So actually if you deconstruct the voice with these three layers and you reconstruct it, nothing is working. It's not matching anymore. Because the voice is so specific, because we know it so well, if you actually make it weird like that, it creates something really uncanny. But we didn't want to have like a robotic voice or a synthetic voice. You can feel that it's a natural voice, that it’s not totally recreated, that it's actually him talking or is a real sound. But it’s just the way you hear them, you have never heard that that way.”

There’s a scene towards the end of the film where Ruben is at a dinner party with the cochlear implants, and he can't hear quite the same. There's no differentiation between a lot of the sounds of the conversations. It's cacophonic and overwhelming, even as a viewer, to watch him navigate this space. Is that what it's really like in those moments?

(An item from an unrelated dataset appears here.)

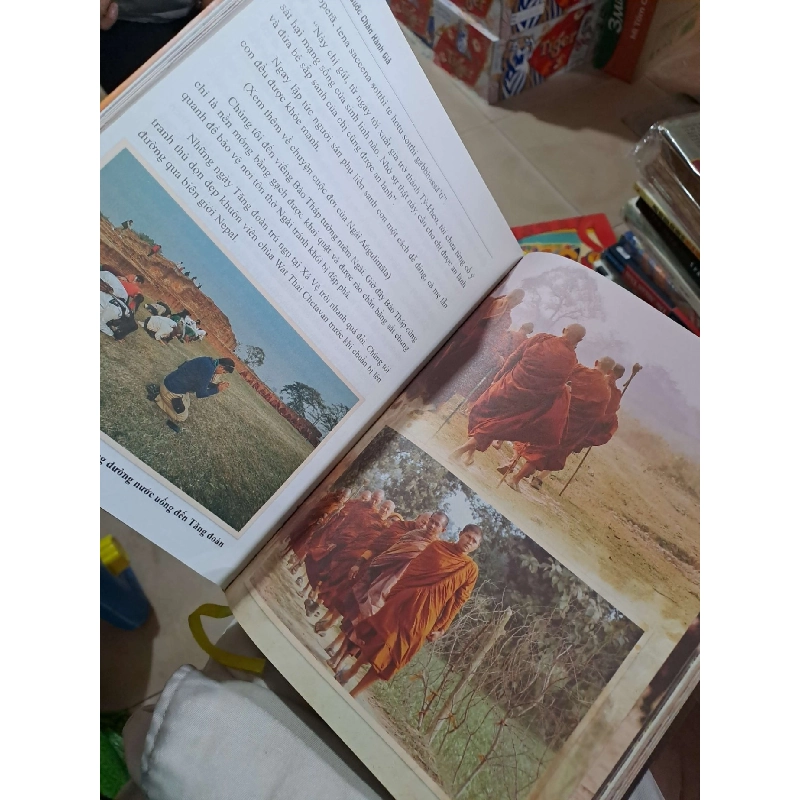 Bước Chân Hành Giả (Bút Ký Hành Trình Đầu Đà Qua Vùng Đất Thiêng Liêng) - Tỳ-kheo Tuệ Nhân - 2024 mới 90% - TÂM LINH - TÔN GIÁO - THIỀN - HCM3012 749836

“I think the sound of it is pretty realistic. … We decided that we're going to work to create this kind of impossible localization. So, in fact, what we give to the audience with the sound is totally contradictory. There are two ways to make you lost in space with sound. [One is that] you don't know where left is or right is, because everything sounds the same. And the other possibility is to give wrong information to the brain. So you don't exactly know the sounds, it’s sounding weird, and your brain isn’t able to localize it. So you're totally lost.”

You're also one of the composers of the music throughout the film, aside from the very top where Ruben has his hearing and he's playing in his band. Beyond that, the music is very sparse. Talk a little bit about the music decisions that went into this.

“For Ruben, I think the last moment where he is actually hearing correctly, it’s the first concert. And then … we understood that, if there is music, it can be a kind of distant or lost memory of this, the last moments of his life where he could hear properly. So in a way, it's not really a music, it's kind of, I would say, messy memories about how it was to hear before. 

And I think also the idea that the music is actually born in sounds in the film, or is actually melting into the sounds of the film, it's not the music of the director. It's the music of Ruben and the music produced by the film itself. A bit like the resonance of Ruben’s mood, in a way.”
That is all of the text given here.